In [1]:
from argparse import Namespace
import os
os.environ['OMP_NUM_THREADS'] = '4' 

from annoy import AnnoyIndex
import numpy as np
import torch
from tqdm import tqdm_notebook


These pre-trained word embeddings come from the [Glove project](https://nlp.stanford.edu/projects/glove/). For more details, about how the embeddings were generated see [this paper](https://nlp.stanford.edu/pubs/glove.pdf).

In [2]:
args = Namespace(
    glove_filename='../data/glove.6B.100d.txt'
)

In [3]:
def load_word_vectors(filename):
    """
    A helper function to load word vectors from a file.
    """
    word_to_index = {}
    word_vectors = []
    
    with open(filename) as fp:
        for line in tqdm_notebook(fp.readlines(), leave=False):
            line = line.split(" ")
            
            word = line[0]
            word_to_index[word] = len(word_to_index)
            
            vec = np.array([float(x) for x in line[1:]])
            word_vectors.append(vec)
            
    return word_to_index, word_vectors

In [4]:
class PreTrainedEmbeddings(object):
    """
    A helper class to use standalone pre-trained embeddings
    """
    def __init__(self, glove_filename):
        self.word_to_index, self.word_vectors = load_word_vectors(glove_filename)
        self.word_vector_size = len(self.word_vectors[0])
        
        self.index_to_word = {v: k for k, v in self.word_to_index.items()}
        self.index = AnnoyIndex(self.word_vector_size, metric='euclidean')
        print('Building Index')
        for _, i in tqdm_notebook(self.word_to_index.items(), leave=False):
            self.index.add_item(i, self.word_vectors[i])
        self.index.build(50)
        print('Finished!')
    
    def get_embedding(self, word):
        return self.word_vectors[self.word_to_index[word]]
    
    def closest(self, word, n=1):
        """
        Finall the top-n closest words (in the embedding space) to a given word.
        """
        vector = self.get_embedding(word)
        nn_indices = self.index.get_nns_by_vector(vector, n)
        return [self.index_to_word[neighbor] for neighbor in nn_indices]
    
    def closest_v(self, vector, n=1):
        nn_indices = self.index.get_nns_by_vector(vector, n)
        return [self.index_to_word[neighbor] for neighbor in nn_indices]
    
    def sim(self, w1, w2):
        """
        find similarity between two words. returns a non-negative score.
        Higher the score, more the similarity in some dimension.
        """
        return np.dot(self.get_embedding(w1), self.get_embedding(w2))

In [5]:
glove = PreTrainedEmbeddings(args.glove_filename)

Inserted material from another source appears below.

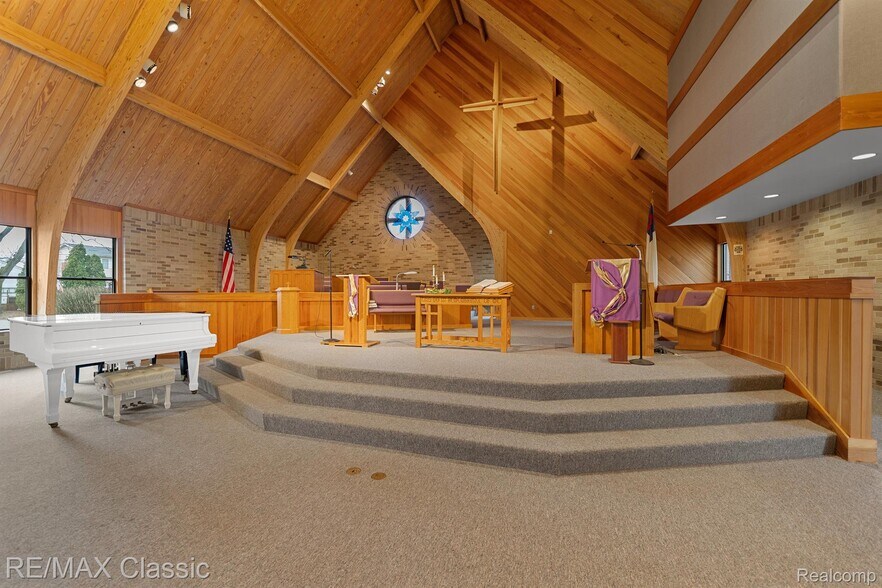 More Photos Of 26701 Joy Rd, Dearborn Heights Religious Facility For Sale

HBox(children=(IntProgress(value=0, max=400000), HTML(value='')))

Building Index


HBox(children=(IntProgress(value=0, max=400000), HTML(value='')))

Finished!


In [6]:
glove.closest('apple', n=5)

['apple', 'microsoft', 'dell', 'pc', 'compaq']

In [7]:
glove.closest('plane', n=5)

['plane', 'airplane', 'jet', 'flight', 'crashed']

In [8]:
glove.sim('beer', 'wine'), glove.sim('beer', 'gasoline')

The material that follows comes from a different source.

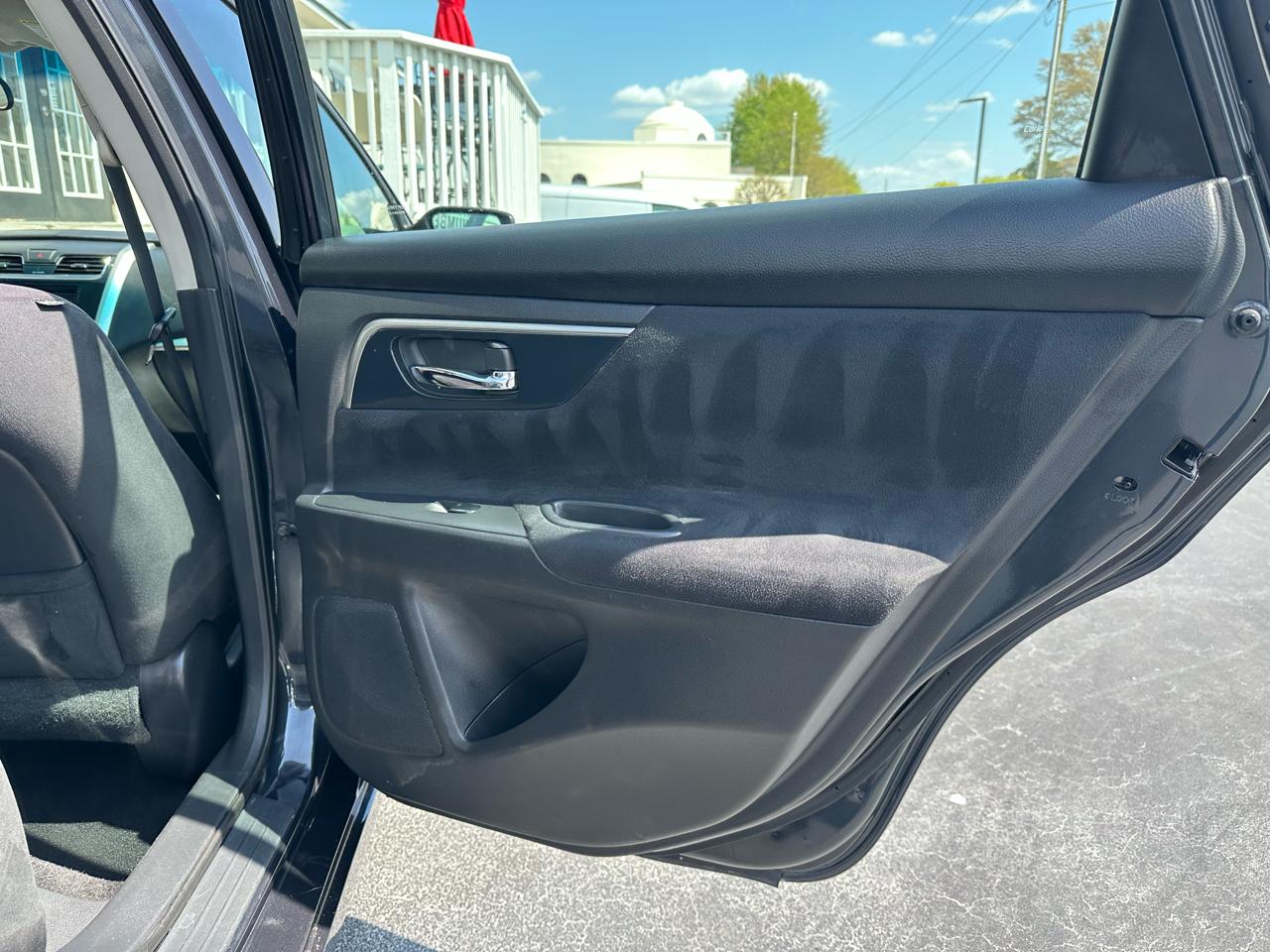 Nissan Altima 4dr Sdn I4 2.5 2014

(26.873448266652, 16.501491855324)

**A study of lexical relationships uncovered by word embeddings**

Traditionally many of these relationships were hand-coded. See, for example, [the WordNet project](https://wordnet.princeton.edu/).

In [9]:
def SAT_analogy(w1, w2, w3):
    '''
    Solves problems of the type:
    w1 : w2 :: w3 : __
    '''
    closest_words = []
    try:
        w1v = glove.get_embedding(w1)
        w2v = glove.get_embedding(w2)
        w3v = glove.get_embedding(w3)
        w4v = w3v + (w2v - w1v)
        closest_words = glove.closest_v(w4v, n=5)
        closest_words = [w for w in closest_words if w not in [w1, w2, w3]]
    except:
        pass
    if len(closest_words) == 0:
        print(':-(')
    else:
        the_closest_word = closest_words[0]
        print('{} : {} :: {} : {}'.format(w1, w2, w3, the_closest_word))

**Pronouns**

In [10]:
SAT_analogy('man', 'he', 'woman')

man : he :: woman : she


** Verb-Noun relationships **

In [11]:
SAT_analogy('fly', 'plane', 'sail')

fly : plane :: sail : ship


**Noun-Noun relationships**

In [12]:
SAT_analogy('cat', 'kitten', 'dog')

cat : kitten :: dog : pug


In [13]:
SAT_analogy('human', 'baby', 'dog')

human : baby :: dog : puppy


In [14]:
SAT_analogy('human', 'babies', 'dog')

human : babies :: dog : puppies


**Hypernymy**

In [15]:
SAT_analogy('blue', 'color', 'dog')

blue : color :: dog : animal


**Meronymy**

In [16]:
SAT_analogy('leg', 'legs', 'hand')

leg : legs :: hand : hands


**Troponymy**

In [17]:
SAT_analogy('talk', 'communicate', 'read')

talk : communicate :: read : correctly


**Metonymy**

In [18]:
SAT_analogy('blue', 'democrat', 'red')

blue : democrat :: red : republican


**Misc**

In [19]:
SAT_analogy('man', 'doctor', 'woman')

man : doctor :: woman : nurse


In [20]:
SAT_analogy('man', 'leader', 'woman')

man : leader :: woman : opposition